▸ **Web page caption snippets**
----------
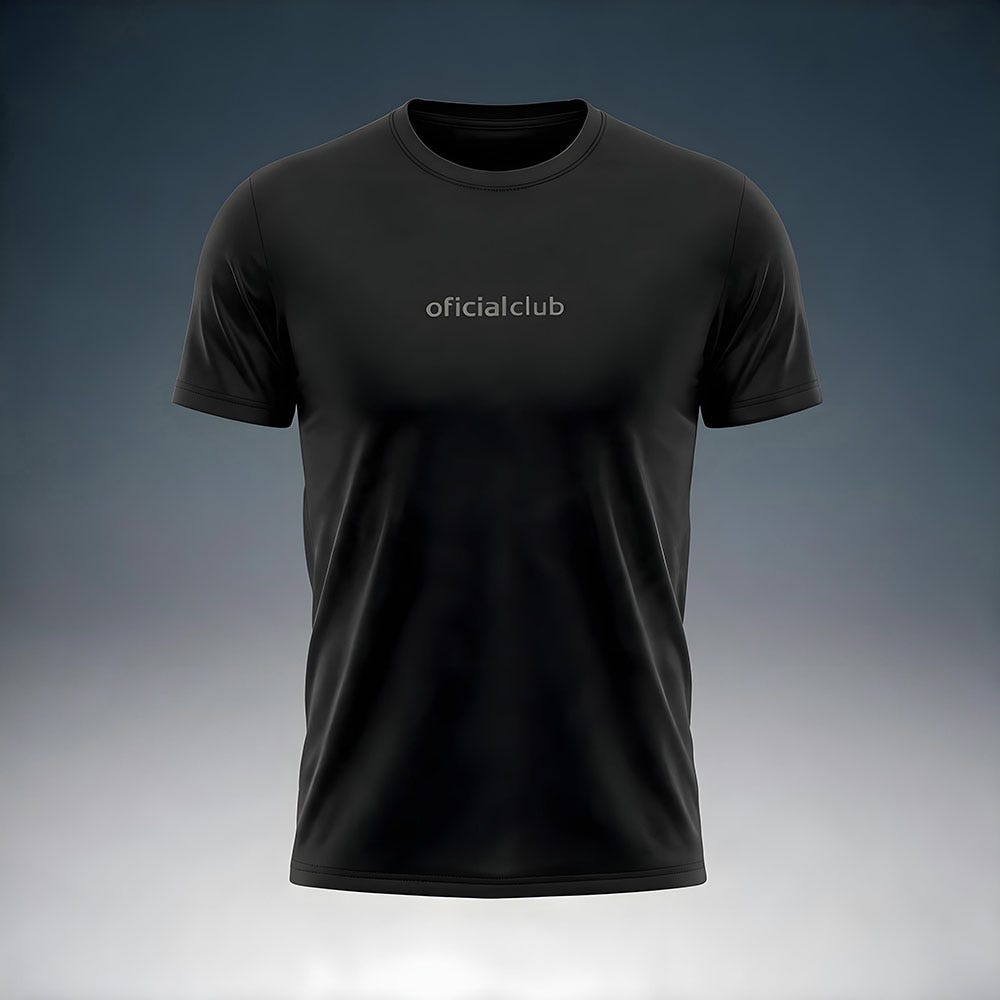 Camiseta Performance Oficialclub Preta Com Logo Cinza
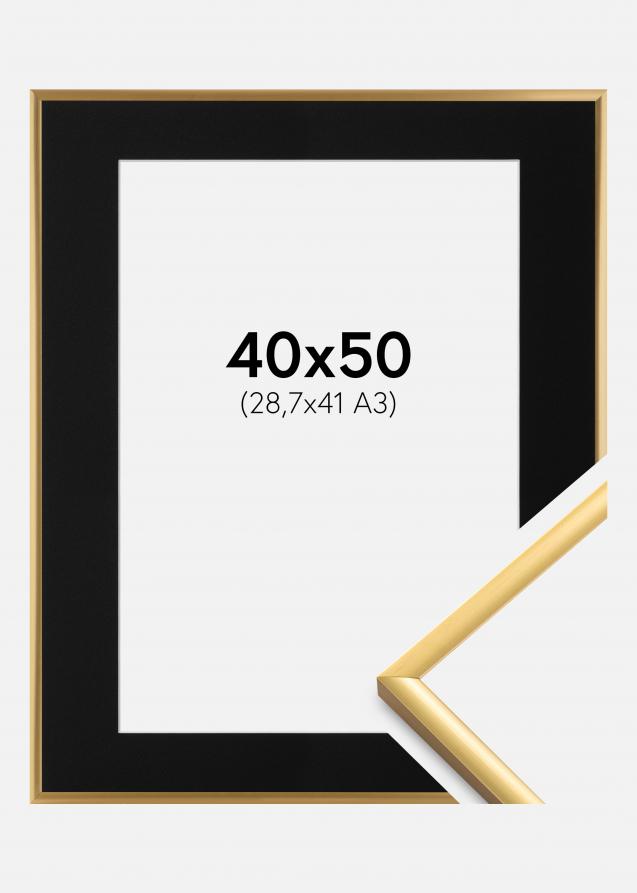 Ram med passepartou Frame New Lifestyle Shiny Gold 40x50 cm - Picture Mount Black 29.7x42 cm (A3)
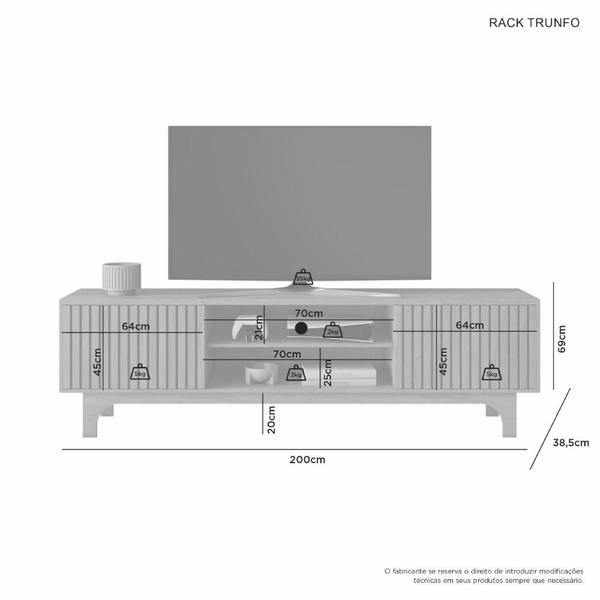 Imagem de Rack MDF e MDP Ripado para TV de até 70 polegadas Off e Cinamomo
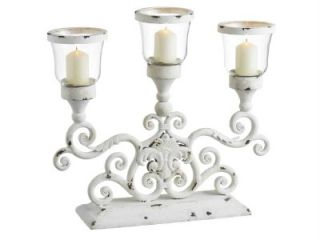  Antique White Three Votive Centerpiece Candleholder Iron & Glass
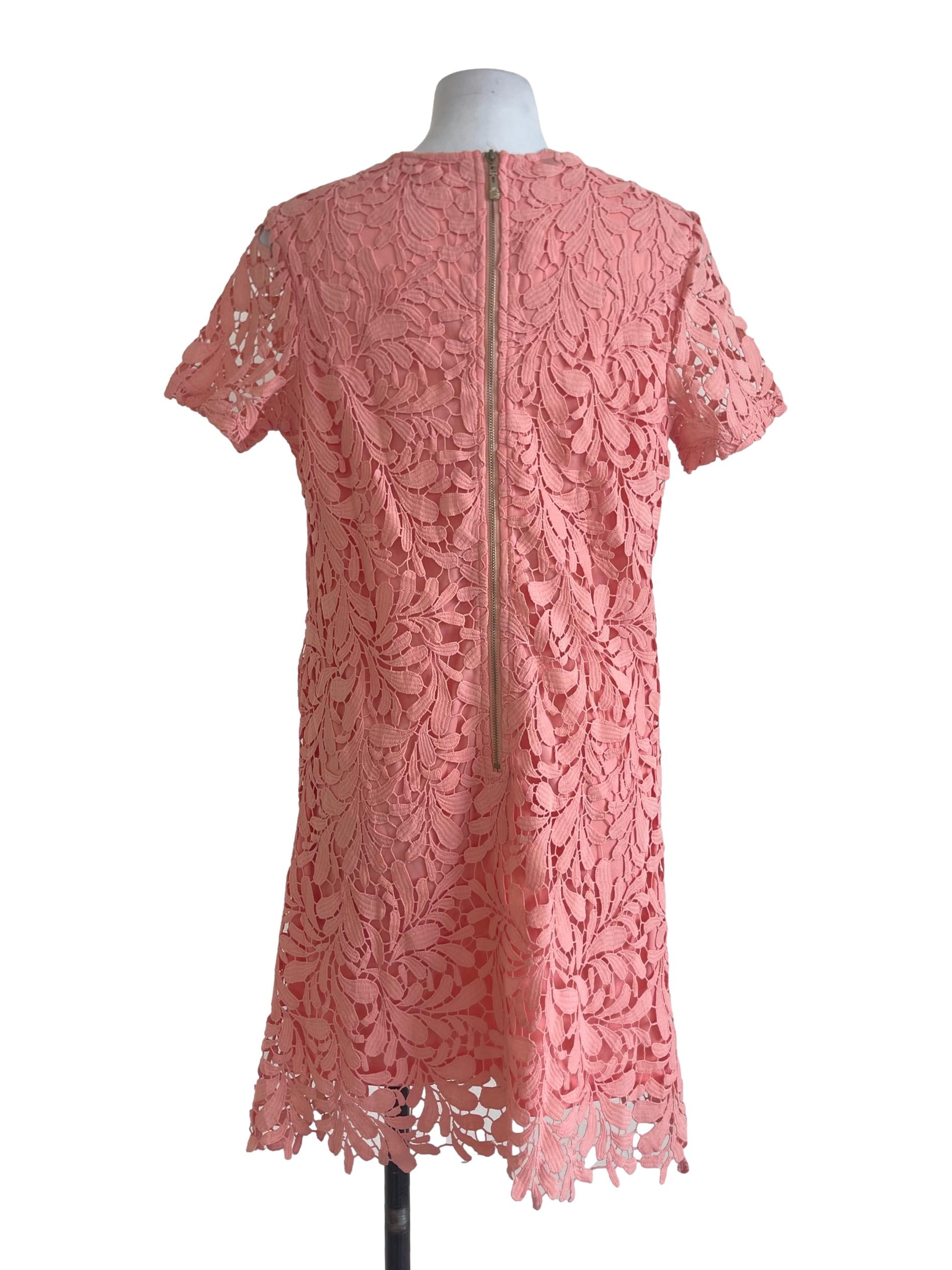 Salmon Pink Floral Lace Dress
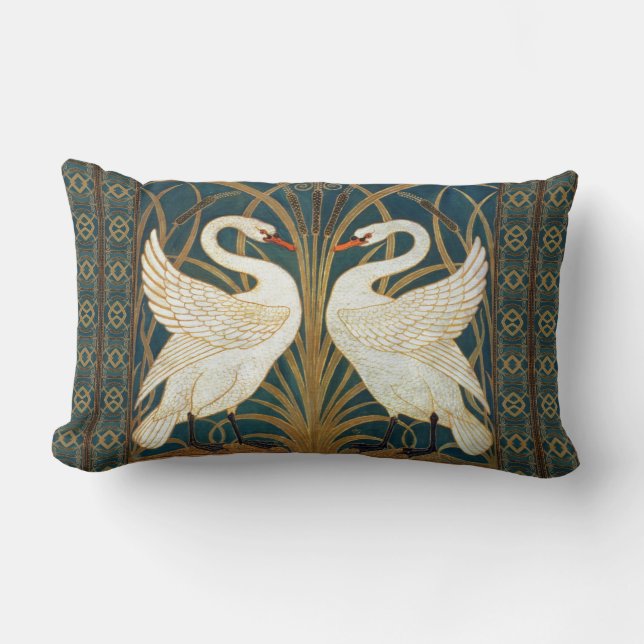 Walter Crane Swan, Rush en Iris Art Nouveau Kussen (Voorkant)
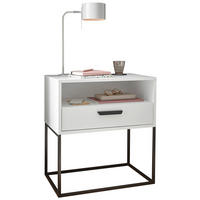 NACHTSCHRANK 60/65/39 cm  - Schwarz/Weiß, Design, Holzwerkstoff/Kunststoff (60/65/39cm) - Boxxx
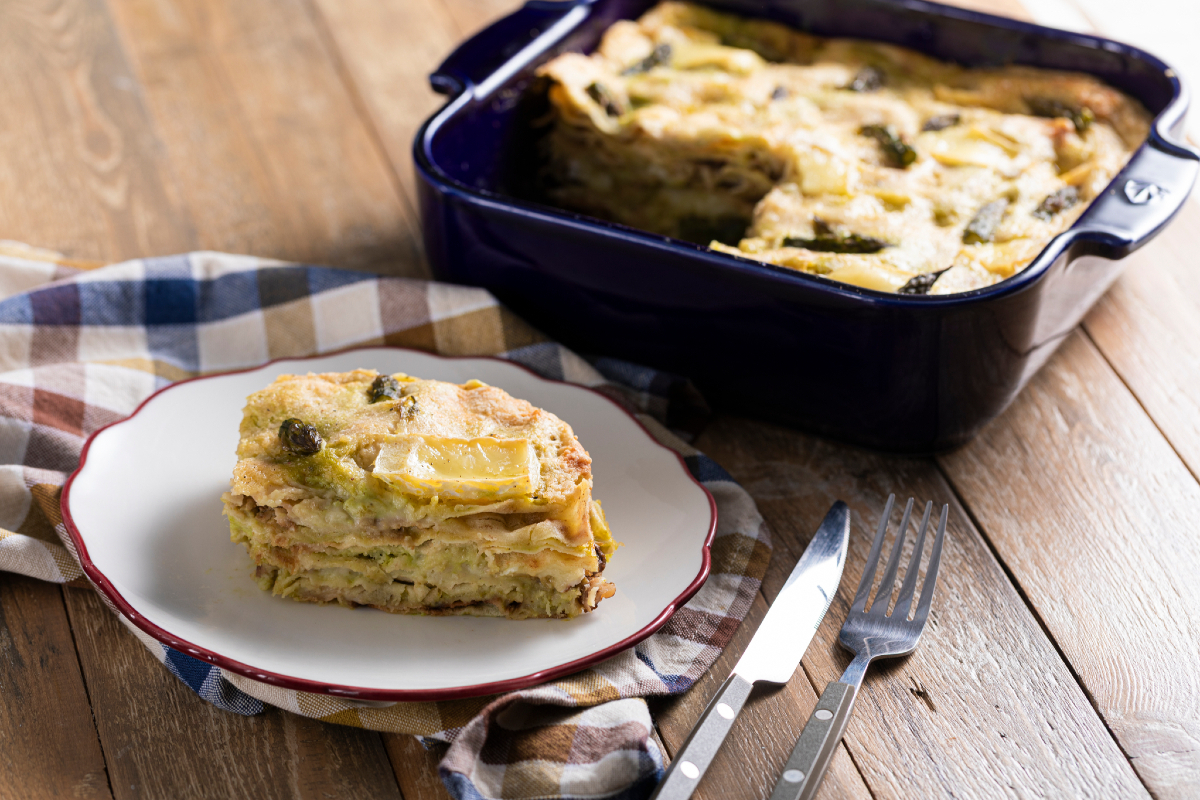 Lasagne aus Pane Carasau mit Spargel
----------
▸ **Assignment**
Excluding every picture, write out each record word for word.

▸ **Task response**
 Camiseta Performance Oficialclub Preta Com Logo Cinza
 Ram med passepartou Frame New Lifestyle Shiny Gold 40x50 cm - Picture Mount Black 29.7x42 cm (A3)
 Imagem de Rack MDF e MDP Ripado para TV de até 70 polegadas Off e Cinamomo
  Antique White Three Votive Centerpiece Candleholder Iron & Glass
 Salmon Pink Floral Lace Dress
 Walter Crane Swan, Rush en Iris Art Nouveau Kussen (Voorkant)
 NACHTSCHRANK 60/65/39 cm  - Schwarz/Weiß, Design, Holzwerkstoff/Kunststoff (60/65/39cm) - Boxxx
 Lasagne aus Pane Carasau mit Spargel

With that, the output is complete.